Most companies are not shaped for iterative innovation processes needed for AI. This creates 2 sorts of risks. The first is that the development gets stuck before the last mile is reached (as discussed in section 1). The second is that they discontinue their efforts before they have had time to mature. A push for fast results and quick wins limits the space of data-driven innovation. In many instances, an MVP presents only 20% of the opportunity. Further optimization and scaling is required. This often requires a role shift by the business: the AI takes over part of their previous work steps, for which they need to become the “custodian”. Their task is not only to use the system, but maintain and improve it continuously. A long term view is needed to create the right conditions for AI to flourish.

AI Platform Engineering

Most organizations starting out on their AI transformation lack the platform infrastructure to really scale AI. The crux is to leverage the requirements of new AI solutions to build capability components step-by-step. This way, both dimensions of change from the previous section are addressed in a mutually reinforcing way. New components and platform services are built with a sense of urgency, because they are immediately required. The platform is expanded through the lens of the primary users: AI developers. New innovations can be proven “locally” and on-boarded to the platform once proven. On the other hand, AI solutions are built with generic infrastructure components. This in turn ensures robustness and maintainability. We have observed organizations take this approach along 2 different paths, as shown in figure 2:

  • Set up a dedicated AI platform team and have them closely working together with multidisciplinary solutions teams. The platform is enriched jointly as part of a development effort, building new components along the way. This is route 3b to 3e in figure 2.
  • When such as platform is not yet in the making and you want to accelerate a certain AI solution, taking a frog leap is a good alternative approach. Set up a cloud environment, preferably using infrastructure-as-code to be provider-agnostic, and develop your first high impact AI solution on this environment (2d). Later on, once the first solution is already up and running and creating business impact, this platform can be used as a blueprint for enterprise standards (2d to 3e). The benefits of this approach are minimal time-to-market. The only downside is that you might cut some corners that have to be reworked to fully comply to your future standards (3e).
Figure 3. Solution-driven capability development.

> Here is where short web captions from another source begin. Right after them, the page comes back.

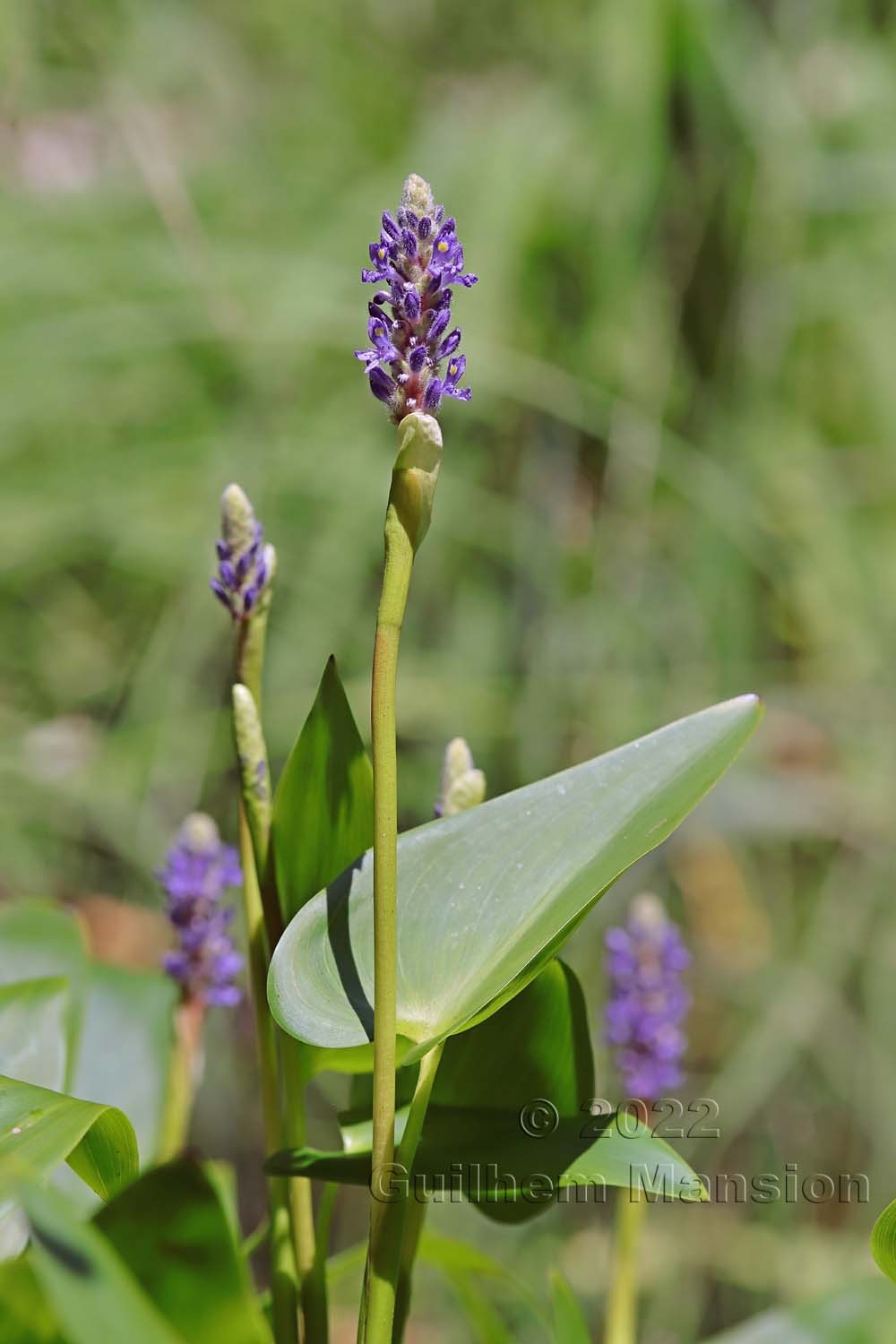 Pontederia cordata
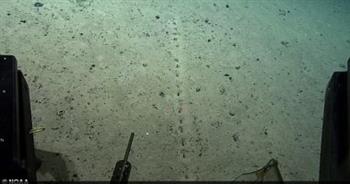   العلماء حائرون بعد اكتشاف ثقوب غامضة في قاع المحيط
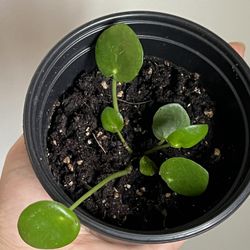 Money Plant Starter In 4 Inch Nursery Pot 
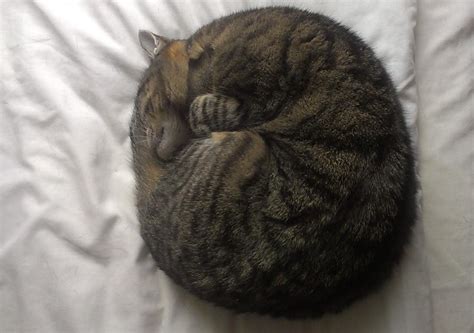 My cat likes to curl up in a ball when she sleeps : cats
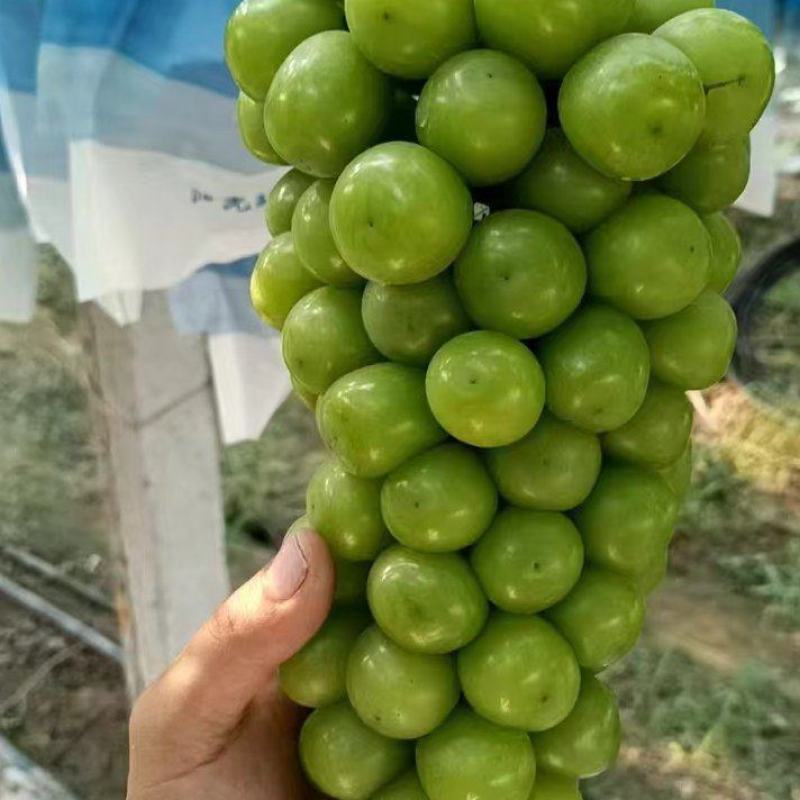 河南夏邑阳光玫瑰大量供应中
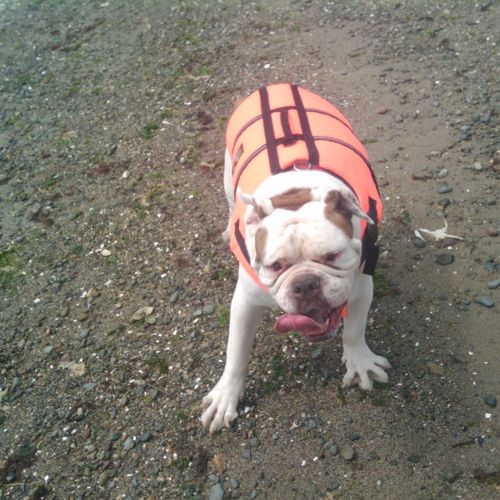 Who says a Bulldog can't swim!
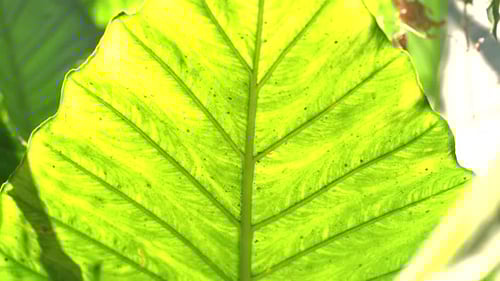 Tilt shot of giant leaf in jungle
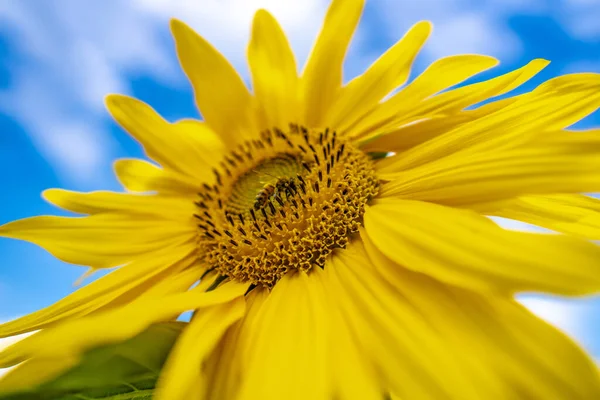 Abeja Miel Polinizando Girasol Campo Girasol Fondo Enfoque Selectivo —  Fotos de Stock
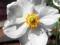 Anemone japonica 'Honorine Jobert' -  Zawilec jap.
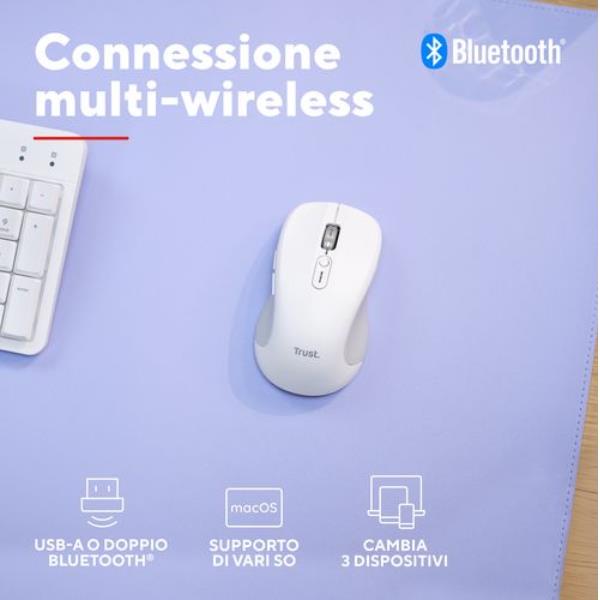 TRS_TM_TK6_1146894_25674_1b8117c6-5782-4c0c-a024-a97bbeb4bab1_BIG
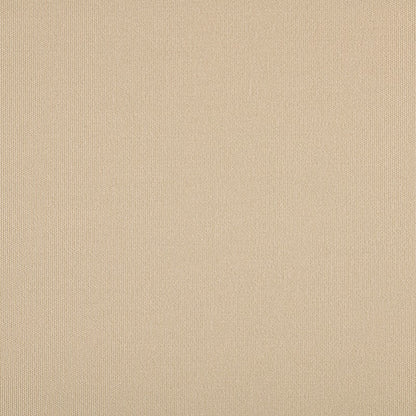 TRH5881 Solid Outdoor Acrylic Canvas swatch, colorway TRH5881.O (neutral, white)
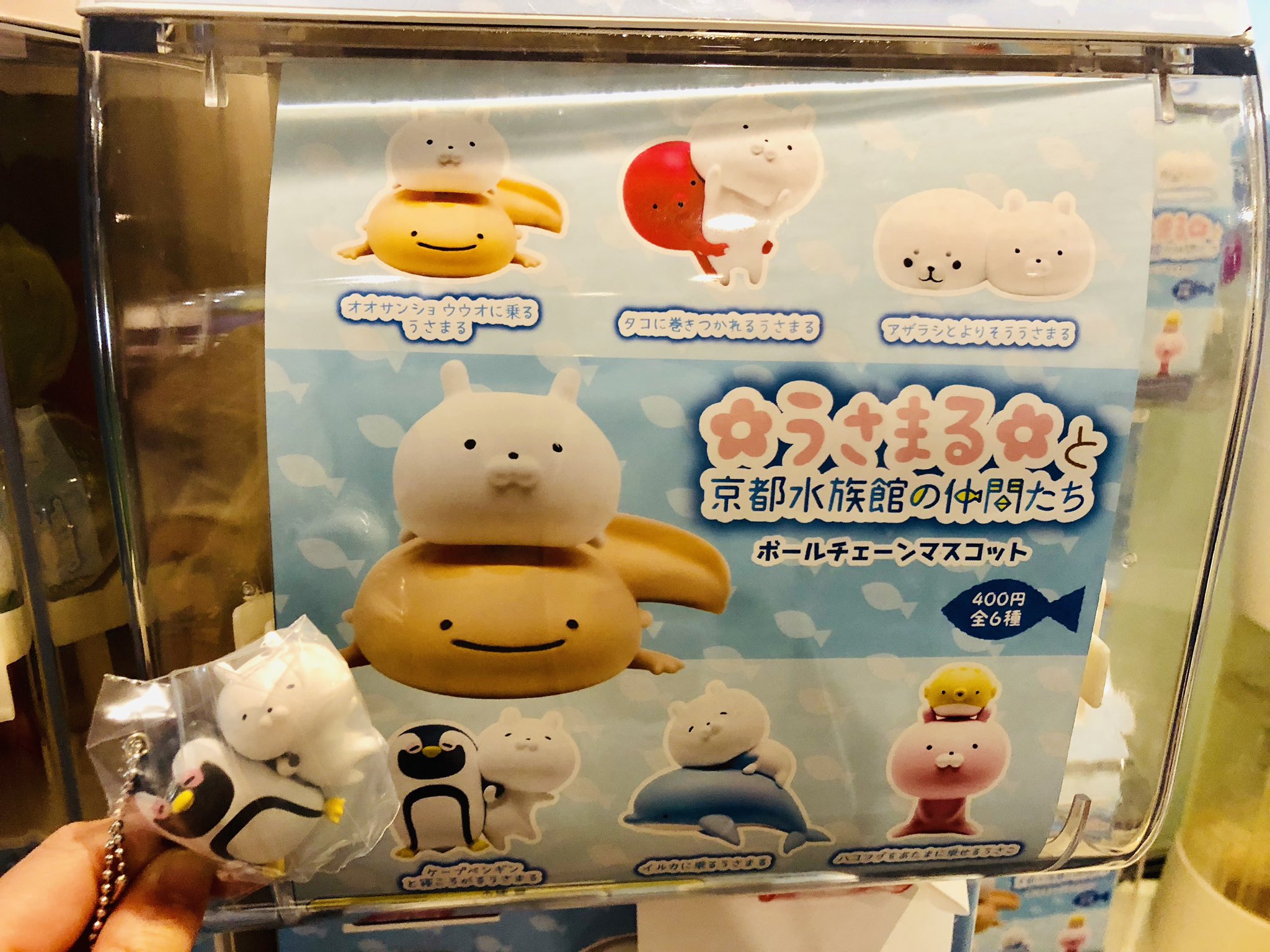 専用 うさまる 京都水族館、すみだ水族館、サンシャイン水族限定 マスキングテープ 専用 うさまる 京都水族館、すみだ水族館、サンシャイン水族限定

What capabilities are needed?

An AI platform comprises of a set of capabilities that form the toolbox to build end-to-end AI solutions uniformly across the organization. The key challenge for many organizations is that they still rely to a great extent on classical BI-oriented infrastructures, which fall short on multiple dimensions in supporting AI at scale.

  1. Scalable data architecture for AI production pipelines

Compared to traditional BI, the development and deployment of machine learning models creates new requirements for data architecture along the lifecycle of ML systems:

  • Discovery. Rapid access to new raw data sources for exploring and designing new use cases, e.g. in a sandbox environment on a data lake. Here, speed and flexibility are most important to enable innovation.
  • Development. Generic data sets that are re-used often across different use cases, combined with use-case specific data.
  • Production. Building solution-specific data pipelines.The productionization of algorithms requires at least 2 different data pipelines: one for (automated) model retraining, and one for model scoring (inference).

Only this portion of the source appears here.